Let us concern ourselves with what is happening to our constitution and our arrangements, which have worked for a very long time. I believe it might be that the usual channels are finally getting themselves back into some sort of order again and maybe discussing the future of the Bill. Was it not a tragedy that it was not possible for them to arrive at some solution for the Bill some time ago? We have to be very careful about allowing hard cases that produce bad law. In the same way, when we have a problem of this sort and we start to change our constitutional arrangements, everyone will refer back to what happened and say, “Well, it happened before, didn’t it? Why shouldn’t it happen again?” This indicates to me that the Opposition have given up any chance whatever of being the Government of this country. If they think that, were they in government and we were in opposition, we would not use machinery like this to make life very difficult for them, they have another think coming.
We have got to consider very carefully what is happening now. One reason why this is such a terrible Bill—we will get on to this at Second Reading—is that it inhibits my right honourable friend the Prime Minister from asking for an extension of Article 50, as she had undertaken to do. This makes it more difficult for her than it was before.
I have a question to put to the noble Lord, not to the House. He seems to be developing an argument in which there are two classes of Bill that come from the House of Commons. He argues that this House should consider whether a Bill passed by the House of Commons is one which is appropriate for this House to consider or not. Can I be clear that this is the doctrine he is now trying to argue?

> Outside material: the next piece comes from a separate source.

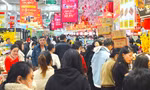 Đi sắm Tết: Siêu thị đông nghịt, chợ truyền thống vắng hoe 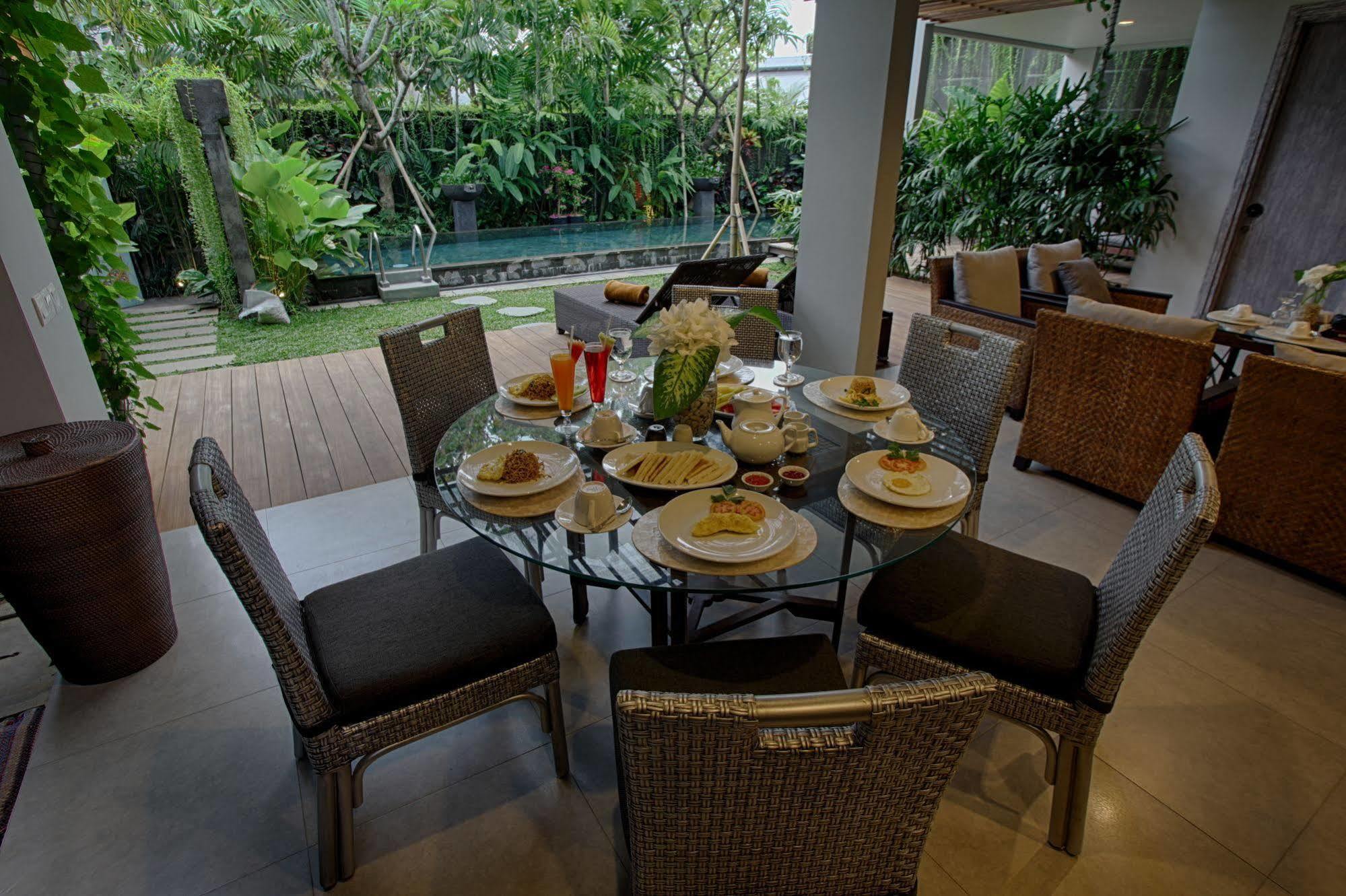 The Poh Jimbaran Villa Exterior foto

Quite clearly they are different sorts of Bills: either private Bills or public Bills. That is pretty obvious. This one seems to be a private Bill, which, as my noble friend Lord Forsyth pointed out, did not even have anybody’s name on it when it appeared here because it had not had its First Reading. We are breaking all our rules to try to introduce this Bill, in a vain attempt to try to change the price of fish over these negotiations. What the Bill actually does is make life more difficult for my right honourable friend the Prime Minister, rather than easier. Why we would want to meddle around in this way, and mess about with our constitutional arrangements, I cannot understand. However, if the one good thing to come out of this is that the usual channels are at last starting to work again in your Lordships’ House, then we have something to be thankful for.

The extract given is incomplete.